The rice-wheat system is a cropping pattern that involves the cultivation of rice during the summer monsoon season, followed by the cultivation of wheat during the winter season. This system has been successful in many parts of India due to several factors:
- Abundant water supply: The rice-wheat system is well-suited to areas with abundant water supply, as both crops require a lot of irrigation.
- Favorable climate: The rice-wheat system is typically grown in areas with a warm, humid climate, which is conducive to the growth of both crops.
- Productive soils: The rice-wheat system is typically grown in areas with fertile, well-drained soils, which are capable of supporting high crop yields.
- Government policies: The government has played a key role in the success of the rice-wheat system through its policies and interventions such as subsidies, loans, improved seed varieties and extension services.
Despite its success, the rice-wheat system has also become a bane in India due to several factors:
- Overuse of chemical fertilizers and pesticides: The use of chemical fertilizers and pesticides has increased in order to maintain high crop yields, leading to soil degradation and water pollution.

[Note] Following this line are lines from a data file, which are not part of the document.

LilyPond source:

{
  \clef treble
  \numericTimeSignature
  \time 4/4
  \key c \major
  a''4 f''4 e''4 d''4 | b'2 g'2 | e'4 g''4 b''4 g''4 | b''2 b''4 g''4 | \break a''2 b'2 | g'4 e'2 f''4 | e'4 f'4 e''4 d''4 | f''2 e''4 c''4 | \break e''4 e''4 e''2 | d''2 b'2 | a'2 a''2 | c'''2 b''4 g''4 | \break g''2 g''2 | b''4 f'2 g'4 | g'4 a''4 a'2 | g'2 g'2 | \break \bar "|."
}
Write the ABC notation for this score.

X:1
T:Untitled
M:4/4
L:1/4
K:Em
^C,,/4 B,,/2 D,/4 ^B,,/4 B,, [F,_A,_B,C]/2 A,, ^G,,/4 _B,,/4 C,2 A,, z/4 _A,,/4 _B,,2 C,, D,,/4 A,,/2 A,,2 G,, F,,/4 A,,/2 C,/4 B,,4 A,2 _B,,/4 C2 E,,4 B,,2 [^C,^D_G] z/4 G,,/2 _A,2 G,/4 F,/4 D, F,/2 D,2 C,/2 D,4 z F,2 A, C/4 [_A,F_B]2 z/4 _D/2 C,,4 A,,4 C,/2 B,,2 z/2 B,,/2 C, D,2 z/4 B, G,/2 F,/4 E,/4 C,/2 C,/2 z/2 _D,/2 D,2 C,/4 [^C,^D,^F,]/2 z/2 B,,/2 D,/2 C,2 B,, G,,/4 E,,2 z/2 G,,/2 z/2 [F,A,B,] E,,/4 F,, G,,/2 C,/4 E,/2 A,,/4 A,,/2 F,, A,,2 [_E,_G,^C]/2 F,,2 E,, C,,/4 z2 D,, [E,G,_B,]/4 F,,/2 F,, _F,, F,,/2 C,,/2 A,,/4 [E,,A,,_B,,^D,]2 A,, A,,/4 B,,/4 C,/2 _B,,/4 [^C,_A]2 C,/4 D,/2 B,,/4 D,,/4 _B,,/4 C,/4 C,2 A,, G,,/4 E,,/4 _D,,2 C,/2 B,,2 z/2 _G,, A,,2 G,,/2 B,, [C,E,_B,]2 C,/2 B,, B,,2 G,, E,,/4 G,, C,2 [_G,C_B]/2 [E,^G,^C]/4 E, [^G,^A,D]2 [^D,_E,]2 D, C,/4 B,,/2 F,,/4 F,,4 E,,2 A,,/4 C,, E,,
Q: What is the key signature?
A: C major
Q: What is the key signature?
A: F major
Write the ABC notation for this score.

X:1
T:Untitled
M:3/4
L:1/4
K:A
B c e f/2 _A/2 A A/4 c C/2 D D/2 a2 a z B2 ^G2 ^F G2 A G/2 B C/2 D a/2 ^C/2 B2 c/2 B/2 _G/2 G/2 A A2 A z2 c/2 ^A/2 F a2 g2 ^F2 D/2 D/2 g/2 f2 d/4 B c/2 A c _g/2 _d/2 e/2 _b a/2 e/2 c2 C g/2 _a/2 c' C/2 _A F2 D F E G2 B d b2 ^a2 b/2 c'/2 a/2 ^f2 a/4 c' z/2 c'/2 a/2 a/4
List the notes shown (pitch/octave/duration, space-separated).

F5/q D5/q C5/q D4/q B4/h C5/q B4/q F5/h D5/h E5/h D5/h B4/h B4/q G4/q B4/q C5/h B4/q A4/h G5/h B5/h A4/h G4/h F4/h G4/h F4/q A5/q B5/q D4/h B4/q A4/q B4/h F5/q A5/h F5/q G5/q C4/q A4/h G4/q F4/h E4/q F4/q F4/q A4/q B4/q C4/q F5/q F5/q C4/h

- Depletion of groundwater: The heavy reliance on irrigation for both rice and wheat has led to the overuse and depletion of groundwater resources.
- Pest and disease outbreaks: The monoculture nature of the rice-wheat system makes it susceptible to pest and disease outbreaks, which can lead to crop failures and reduced yields.
- Environmental degradation: The rice-wheat system has also contributed to environmental degradation, including the loss of biodiversity and the emission of greenhouse gases.